Frequently Asked Questions
Yes and no! The whole premise of modern ML is that you almost never train from scratch. So all our models in our AutoML system are indeed pre-trained deep neural networks. Our AutoML system then tunes these models to your data and picks the best one. So "yes", all our training happens from pre-trained models, but "no" we don't expose these directly to the customers.
We also maintain a set of pre-trained functions that can be used either as-is or as starting points for your own functions.
All Machine learning suffers when so called “data drift” occurs. Basically, if the data that the model is deployed on differs in any significant way from the data that the model is trained on, the model performance suffers. Sometimes to disastrous levels. So at the very minimum, if you are planning to use an off-the-shelf model directly, test it on your own data. Meaning: pick 100 or so random samples (image, text, or tabular data, depending on what you are classifying) and annotate them with the desired output. Then check how well the off-the-shelf model does.
Here is the thing: once you have 100 or so annotated samples, you might as well tune the model using that same data! And this is exactly what we do at Nyckel. Our AutoML system uses so-called cross-validation that allows training and testing, iteratively, on the same data, making it very data efficient. That is why we are seeing such strong benchmark performance, in particular for small amounts of training data.
So tl;dr:
- Never use a off-the-shelf model without testing it on your own data
- In order to test it, sit down and annotate some of your own data
- Once you have annotated data, use some of it to tune the off-the-shelf model instead of using it directly!
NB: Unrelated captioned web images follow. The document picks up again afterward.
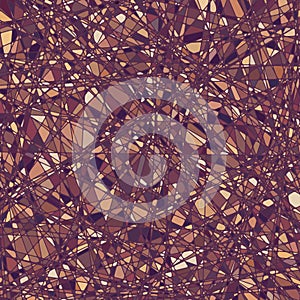 Abstract light milticolor background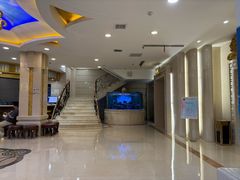 -碧中海汤泉汗蒸酒店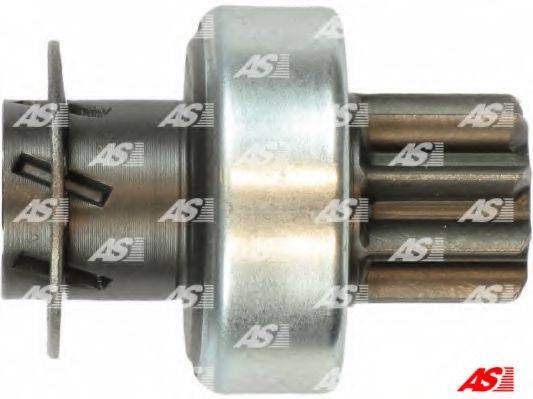 AS-PL SD1010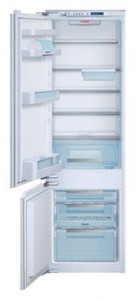 Bosch KIS38A50 Tủ lạnh ảnh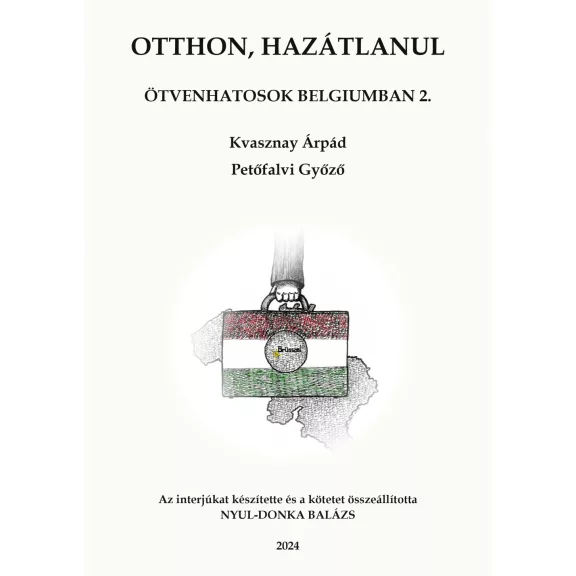 Otthon, hazátlanul Otthon, hazátlanul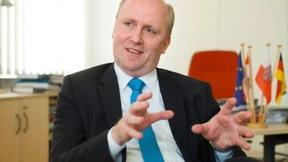 Chance auf ausgeglichenen Etat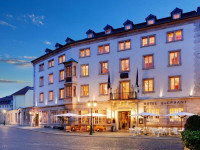 Hotel Elephant Weimar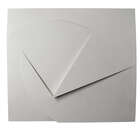 Garth Evans,
British b.1934- 
 
White Relief, 1963; 
 
hardboard, polyurethane, plywood, signed...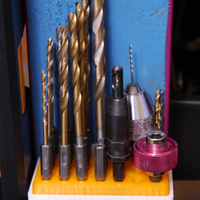 Modular Tool Corral - Thumbnail 4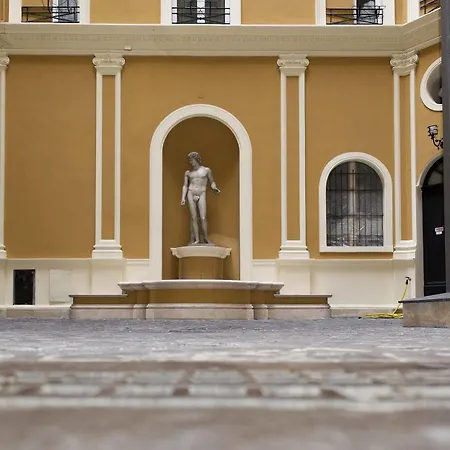Pensjonat & Rzym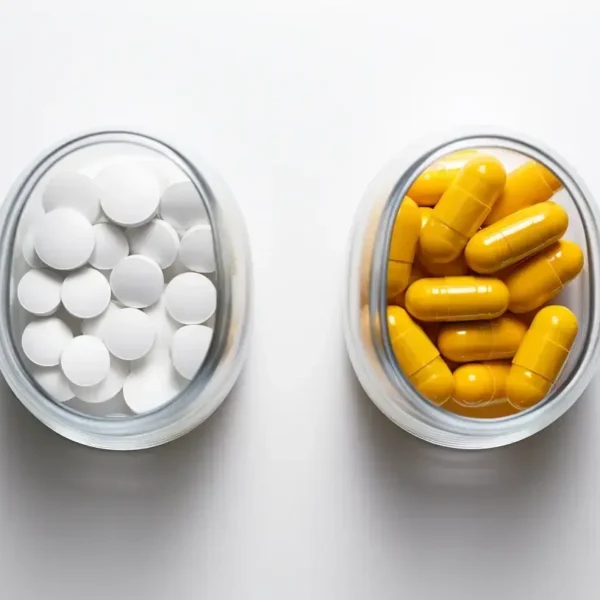 Diferencia entre Irbesartán y Valsartán: ¿Cuál es la mejor opción?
Iterating on data is the best way to improve any machine learning system. By making the training loop as fast as possible, we allow you to do just that. This can be things like playing around with the set of labels, pre-processing inputs, selecting the right set of input columns; and much more.
Our infrastructure runs on AWS and all your data stays on AWS in standard AWS services (S3, RDS, ECS). Your training data is never shared with other customers and is not used to train functions for anyone else. We capture "informative" invoke data to add to your training set - for example, data where the model was not confident, data similar to ones where the model made mistakes, etc. This is intended to assist with manual review to make the model better and can be opted out of. This data, like other data, is not shared with anyone else.
Select nyckel employees have access to your data for troubleshooting and model accuracy improvement reasons.
Small variations in estimated accuracy are expected due to how the cross-validation splits are created. The deployed model performance should be identical.
The text itself can be up to 100,000 characters. However, Nyckel's machine learning system will (currently) only learn from the 300-500 first words of each sampele. See this page for more context.
Nyckel automatically re-trains functions after any change to the training data. For example, if you upload a new annotated sample, or if you change the annotation of an existing sample.
To force a re-training simply change the label of a sample and then change it right back again.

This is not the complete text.